# Vids: P-51s, A-36s, P-38s, B-24s B-29s in WW2 Action



## zeno303 (Mar 7, 2006)

Zeno's Warbird Video Drive-In March 2006 Newsletter

You are invited to drop by Zeno's Drive-In - www.zenoswarbirdvideos.com - and watch this month's World War II aviation features for free online video viewing. "At the Matinee," we're showing nonstop A-36 dive bomber action in "Air Attacks Against Italy," "The Last Bomb," with rare color footage of a long range P-51 escorted B-29 raid on Tokyo, “Angel in Overalls” featuring the versatile P-38 Lightning in a variety of combat roles, and “B-24s Get Back,” with amazing footage of B-24 Liberators making it home. 

And we’ve just added color excerpts from an A-20 Havoc/Boston pilots manual to our “More Neat Stuff” archive, joining free downloads of manuals for the Spitfire Mk IX, XI XVI, the IL-2 "Sturmovik," the De Havilland Mosquito FB V1, Spitfire II and the Me-262 jet fighter and more.

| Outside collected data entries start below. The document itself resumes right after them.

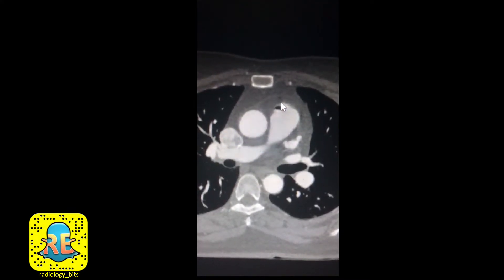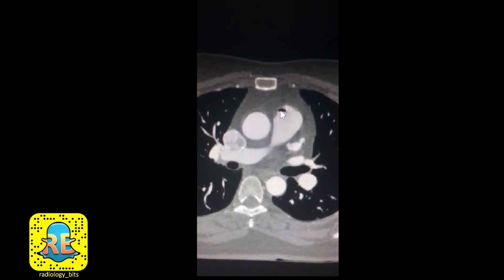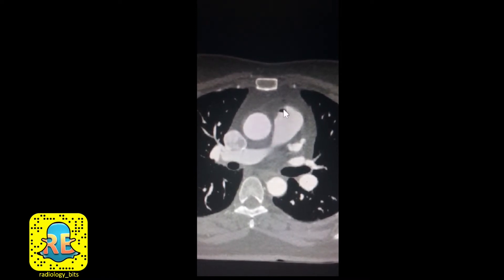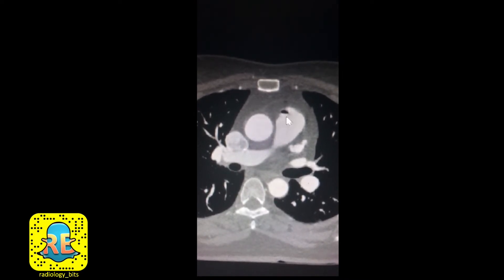One thing that's understandable is that air goes to the higher areas — the non-dependent area — since the patient is lying on his back. So if you look at the air bubble here, it's in a non-dependent area. Another feature is that since it's gas and fluid, a gaseous area with a fluid area, it's expected to have a fluid level, sometimes especially if the air bubble is big.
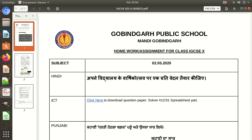Hello guys, my name is Hardiminder. Welcome back. Today I'll tell you how to solve your assignment of 2nd May 2020 which was sent to you — how to solve it and how to extract the folder.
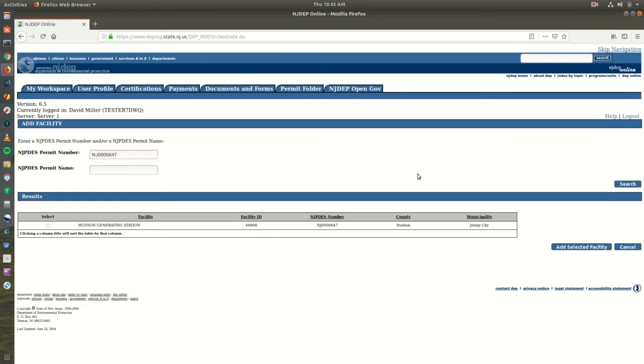After the results are returned, click on the Radio button in the row of the Permit you wish to add. Then click on the Add Selected Facility button.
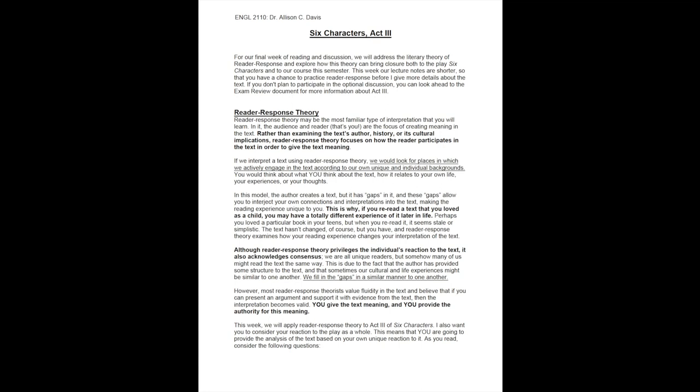This week, we will apply reader response theory to Act 3 of Six Characters. I also want you to consider your reaction to the play as a whole. This means that you are going to provide the analysis of the text based on your own unique reaction to it. As you read, consider the following questions.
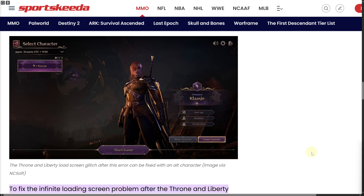Greetings everybody and welcome back. Today we will be going through fixing the 'disconnected from server' error in Throne and Liberty. This is a really simple guide, so make sure to follow till the end.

"Air Attacks Against Italy" More exciting "from the cockpit" views of A-36 Invader (aka "Apache") dive bombing strafing attacks. (The A-36, ground attack version of the P-51 Mustang, is also featured in our popular "A Day with the A-36s.") This is a short film, but it's nonstop action! Some of the best footage of US dive bombing attacks you will find anywhere. Watching these high speed, precision attacks definitely benefits from a broadband internet connection if you have access to one.

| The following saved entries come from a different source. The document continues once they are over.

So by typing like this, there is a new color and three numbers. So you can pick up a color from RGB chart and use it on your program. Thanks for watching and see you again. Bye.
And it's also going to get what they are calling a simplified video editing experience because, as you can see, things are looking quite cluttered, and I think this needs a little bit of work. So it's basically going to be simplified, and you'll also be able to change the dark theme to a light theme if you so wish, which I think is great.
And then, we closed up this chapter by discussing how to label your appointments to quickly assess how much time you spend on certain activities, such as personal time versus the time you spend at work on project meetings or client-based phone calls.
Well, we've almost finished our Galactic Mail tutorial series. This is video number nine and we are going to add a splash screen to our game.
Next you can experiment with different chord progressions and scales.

"The Last Bomb" vividly documents one of the almost forgotten chapters of World War II: the extreme long range B-29 bombing raids on Japan. Launched from hard won Pacific islands, these missions were over 3,000 miles round trip and could take 12 hours or more to complete. You'll also see the huge B-29 bases that were carved out on Guam, Tinian and Saipan. This rare late war color film, shot by combat camera men, documents all aspects of a XXI Bomber Command long distance daylight strike carried out at just 12,000' (!) on Tokyo in 1945. The mission is covered from initial planning stage by General Curtis LeMay and his staff, through fighter action and "bombs away" over target, to final touch down. As an added bonus, there's plenty of spectacular gun camera footage taken by escorting P-51 Mustangs ranging over southern Japan seeking targets of opportunity in the air and on the deck. These Mustang sorties were some of the longest and riskiest missions undertaken by any fighter units during World War II. Just imagine -- flying thousands of miles over trackless ocean in a single engine ship to take on the enemy over their own territory!

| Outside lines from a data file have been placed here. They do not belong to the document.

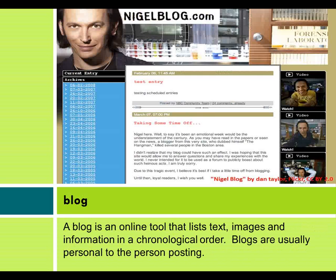A blog is an online tool that lists text, images, and information in a chronological order. Blogs are usually personal to the person posting.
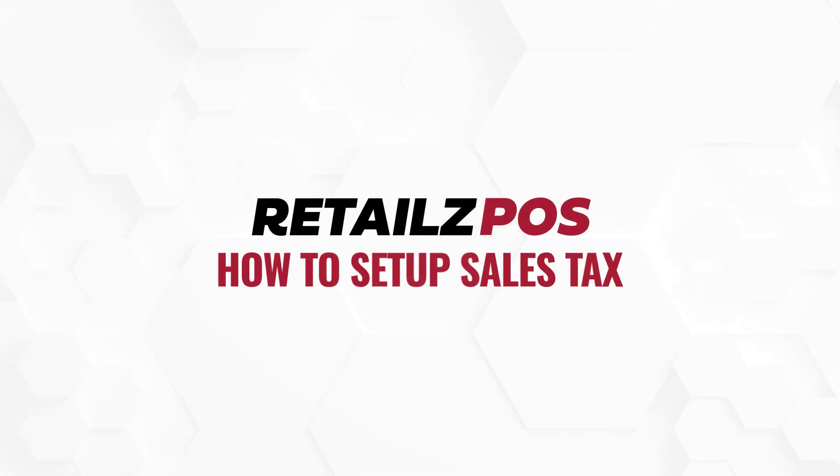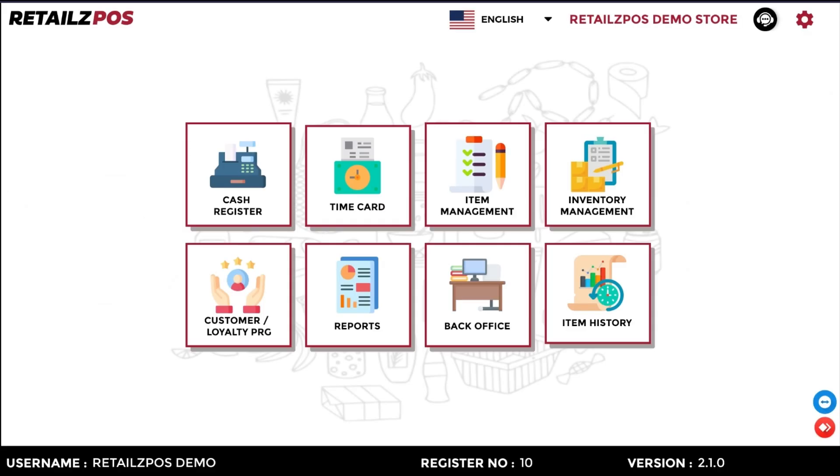Hello everyone and welcome to the Retail's POS how-to video on setting up your store sales tax. In this video, we will cover how to change the sales tax value in store.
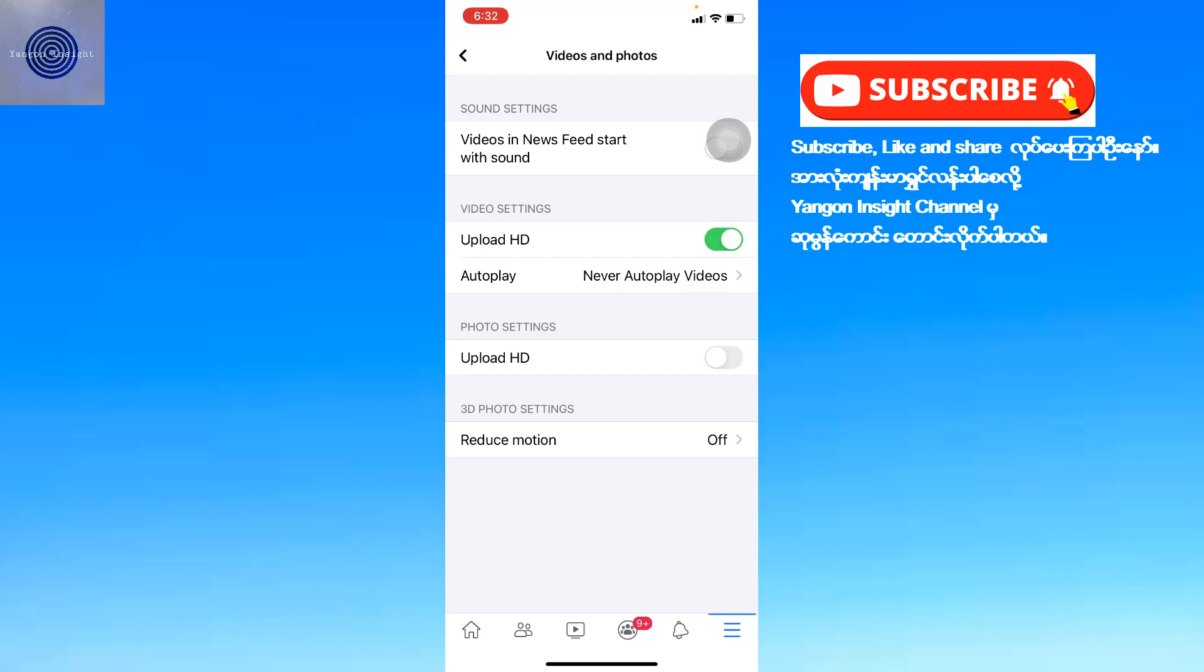You'll see options for Upload HD quality. Select the HD setting you prefer for your videos.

"Angel in Overalls" This film was developed to show US Lockheed P-38 production line workers the Lightning at war in a wide variety of combat roles. The dramatic framing for the piece involves a straggling B-24 that is saved from certain destruction by the arrival of "Angels in Overalls" -- P-38s.You'll see all aspects of Lightnings in action, including air-to-air gun camera, bombing, rocketing and photo recon. There's a cameo by Air Corps P-38 ace of aces Dick Bong too. The dramatic ending of this film brings home a sobering reminder that the life of the fighter pilot was risky and dangerous. Many young pilots made the ultimate sacrifice.




“B-24s Get Back!” This remarkable film shows how B-24s overcame incredible battle damage to bring their crews home. See numerous examples of seemingly fatally damaged B-24s naking incredible landings. This is a fascinating training film too with specific techniques to bring your badly crippled Liberator down safely. Some great B-24 combat footage too.

If you haven't stopped by Zeno's Drive-In before, we also feature 1940-45 vintage WWII Army Navy films on how to fly the F4U, F6F, P-38, P-39, P-40, P-47, P-51, P-61, TBF/TBM, AT-6/SNJ, B-17, B-24, B-25, A-20, A-26, B-26, B-29, Stearman N2S and different WWII documentaries every month "At the Matinee." That's over 14 hours of rockin' props for free viewing over the internet.

Regards,

Zeno
Zeno's Warbird Video Drive-In
World War II Aviation Videos Playing Online 24/7
http://www.zenoswarbirdvideos.com

Vids: P-51s, A-36s, P-38s, B-24s B-29s in WW2 Action


----------



## R988 (Mar 8, 2006)

B-24 vid is well worth watching, some crazy damage there, and some excellent ditching footage. 
The B-29 one is also good, very long though about 40mins, better have the popcorn ready! 

I found the A-36 a little repetitive towards the end, but it is fairly short.

Haven't seen the P-38 one yet.


----------



## Harvard (Mar 13, 2006)

I like Zeno's site, but I think he should make it playable on the more up to date player (such as microsoft) rather than a real player.


----------